A sequence is considered random if no patterns can be recognized in it - the longer the string, the stronger the encryption.

Computers make lousy RNGs (Random Number Generators). Computer programs are, by design, deterministic; they merely follow set procedures. Start a new process from the same place, and a pattern emerges. Such systems are often referred to as pseudo-random number generators(PRNG's). PRNG's can be easily generated using algorithms. A good example is the Yarrow algorithm.

The problem with PRNG's is that it needs an initial seed(value) to generate the random number. The same random number is always generated for the given same seed. The seed should be large, uniform and unpredictable, just like random numbers.

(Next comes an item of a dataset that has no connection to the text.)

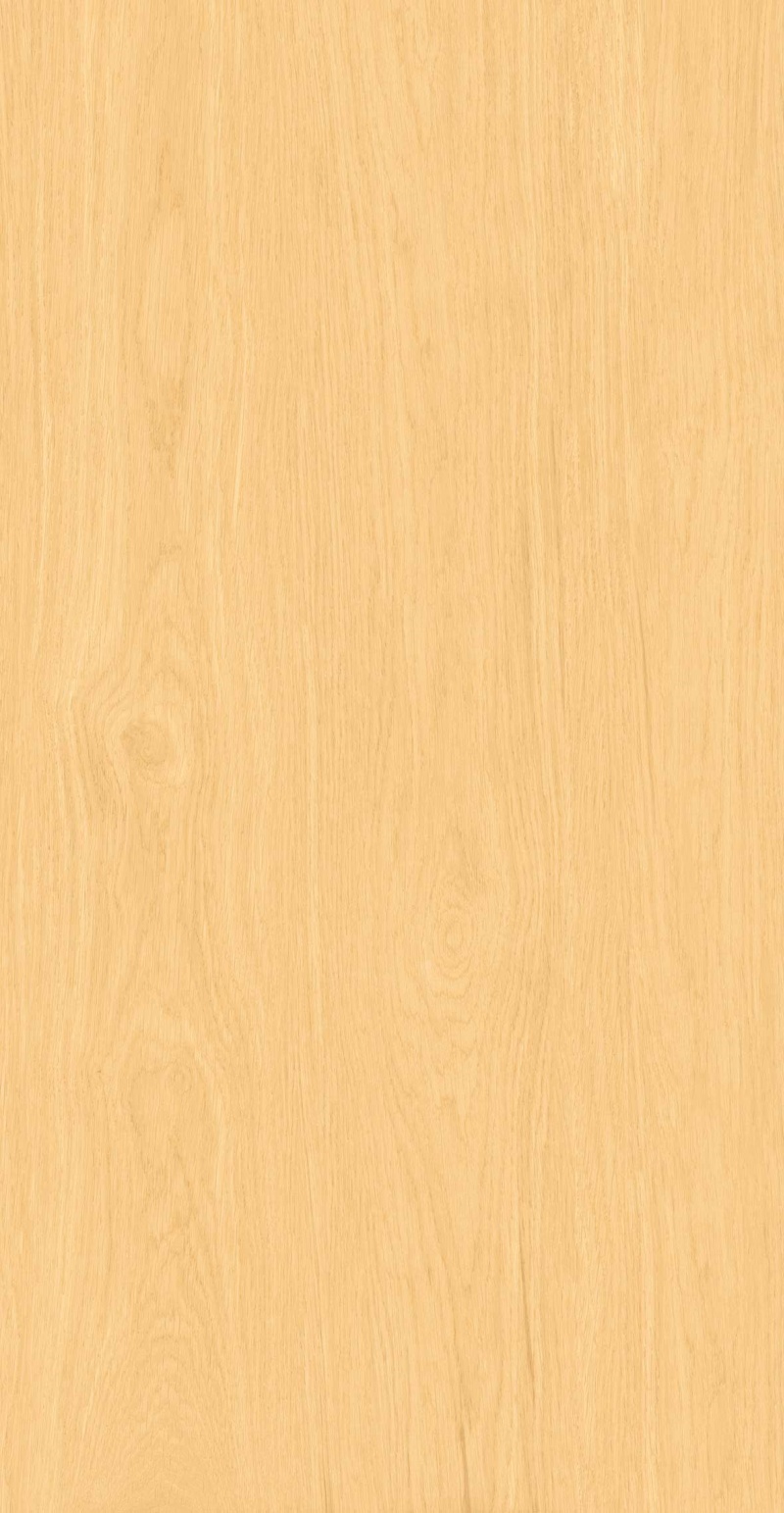 FP126608-初秋白杨_05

For example,In 1995, two U.C. Berkeley researchers, Ian Goldberg and David Wagner, discovered that Netscape was using an easily guessed PRNG seed to generate the SSL keys. Netscape's RNG seed was derived from just three quantities: the time of day, the process ID, and the parent process ID. The seed was just a standard MD5 hash of all 3 values. Their program was able to find the correct encryption key in less than half a min, if the attacker could guess the second in which the PRNG was seeded -- something that wasn't hard if you could watch the network traffic

Most of the time it is very easy for attackers to guess the sequence of pseudo-random number generators, and for some applications this is not acceptable. So instead, we must try to gather "environmental noise" from the computer's environment, which must be hard for outside attackers to observe, and use that to generate random numbers.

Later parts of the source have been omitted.